Caption-style text data:
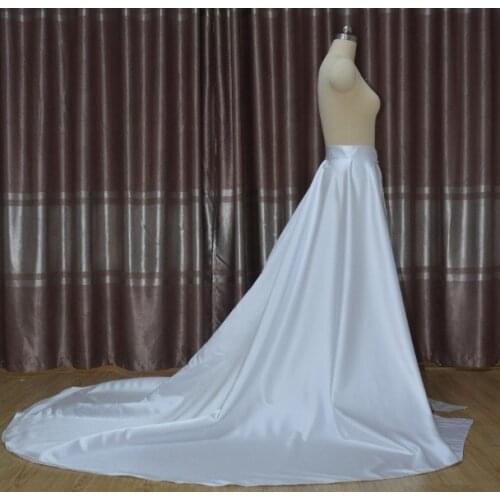 Removable bridal skirt, overskirt, satin skirt, Custom dress, Removable skirt, Ball Gown skirt, Long train skirt, Bridal dress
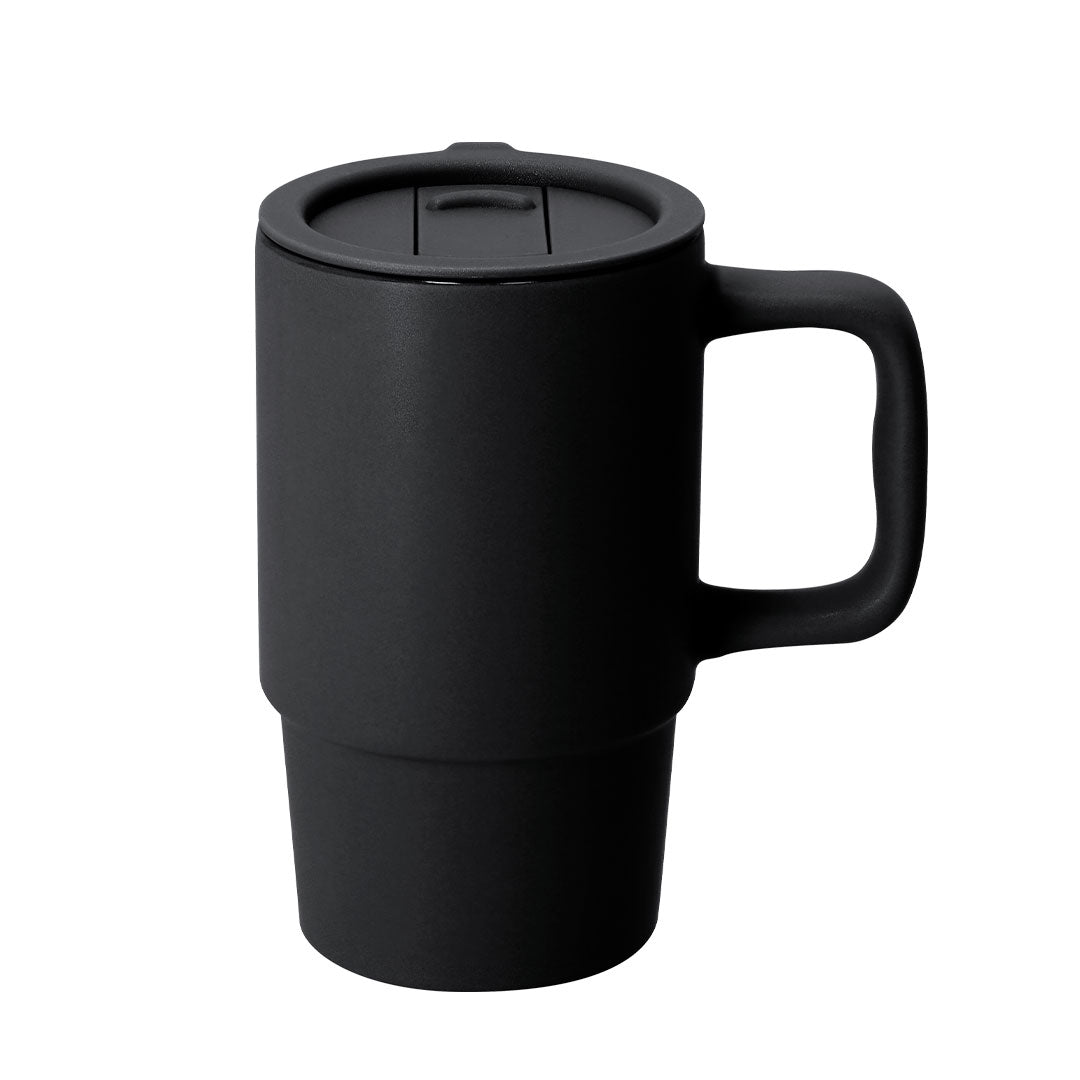 Taza Ronsyn negra para eventos y productos promocionales personalizados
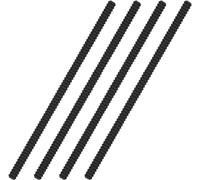Protectores de silicona para estante de horno, protector de estante de horno, 100% certificado libre de BPA, resistente al calor, protege contra quemaduras y cicatrices (negro)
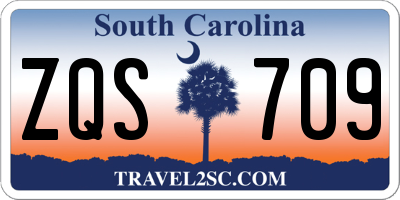 SC license plate ZQS709
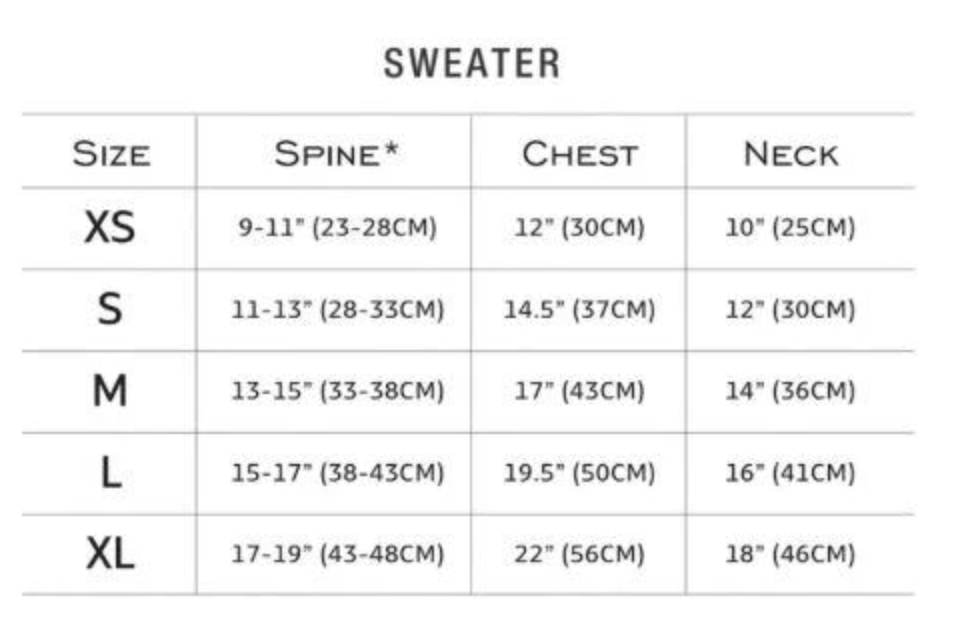 Chunky Knit Sweater - Multiple Sizes
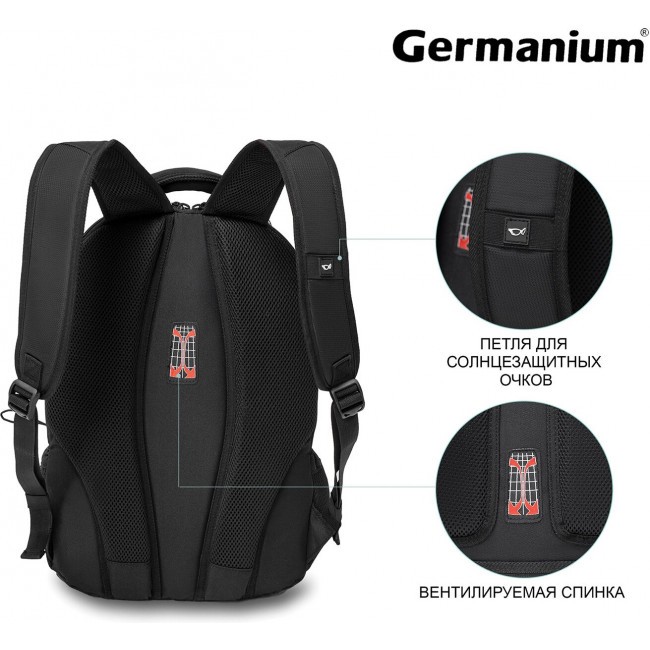 Рюкзак Germanium S-02 Черный - фото №4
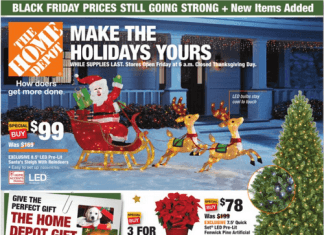 Home Depot Black Friday Sale Nov 25 – Dec 01, 2021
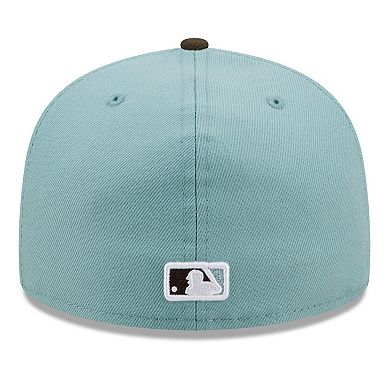 Men's New Era Light Blue/Brown Cincinnati Reds 1990 World Series Beach ...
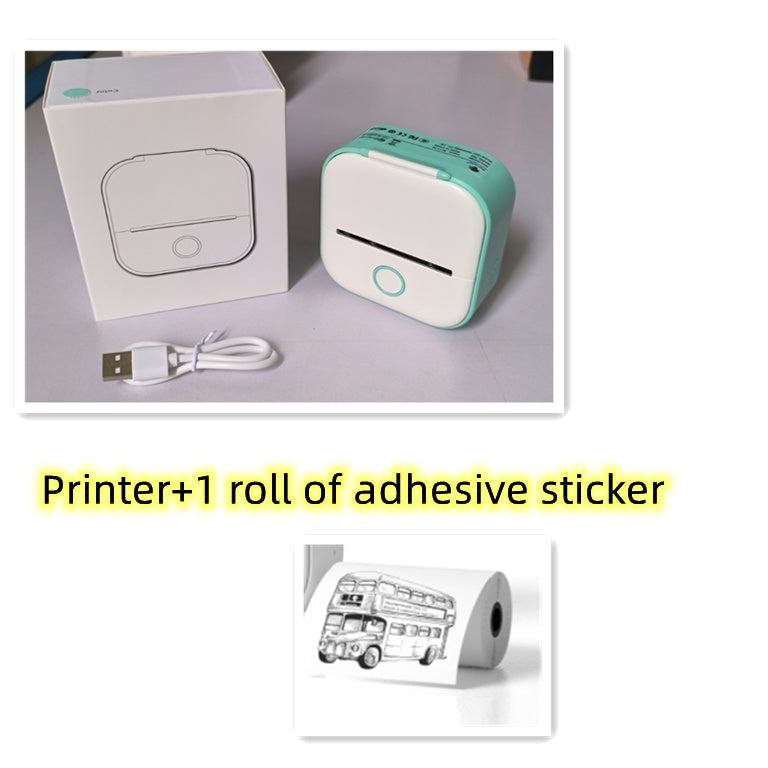 Pocket-Sized Bluetooth Thermal Printer – Print Labels & Photos Instantly!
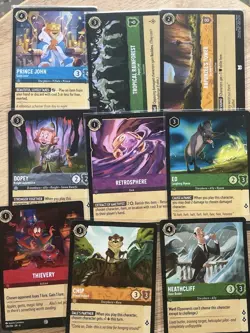 Disney Lorcana 50 CARD LOT - Various sets - NM - Image 1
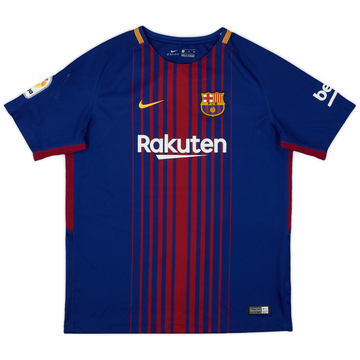 2017-18 Barcelona Home Shirt - 6/10 - (XL.Boys)
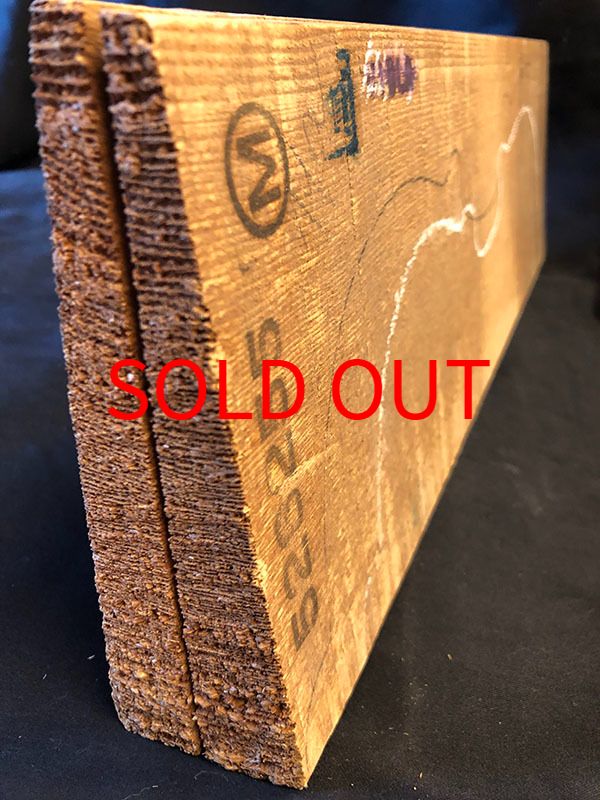 スプルース表板断面図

# Brief
Reproduce the lines from the one holding "Home Depot Black" through the end of the entries above exactly, keeping both ends and dropping every picture.

# Answer for the task
 Home Depot Black Friday Sale Nov 25 – Dec 01, 2021
 Men's New Era Light Blue/Brown Cincinnati Reds 1990 World Series Beach ...
 Pocket-Sized Bluetooth Thermal Printer – Print Labels & Photos Instantly!
 Disney Lorcana 50 CARD LOT - Various sets - NM - Image 1
 2017-18 Barcelona Home Shirt - 6/10 - (XL.Boys)
 スプルース表板断面図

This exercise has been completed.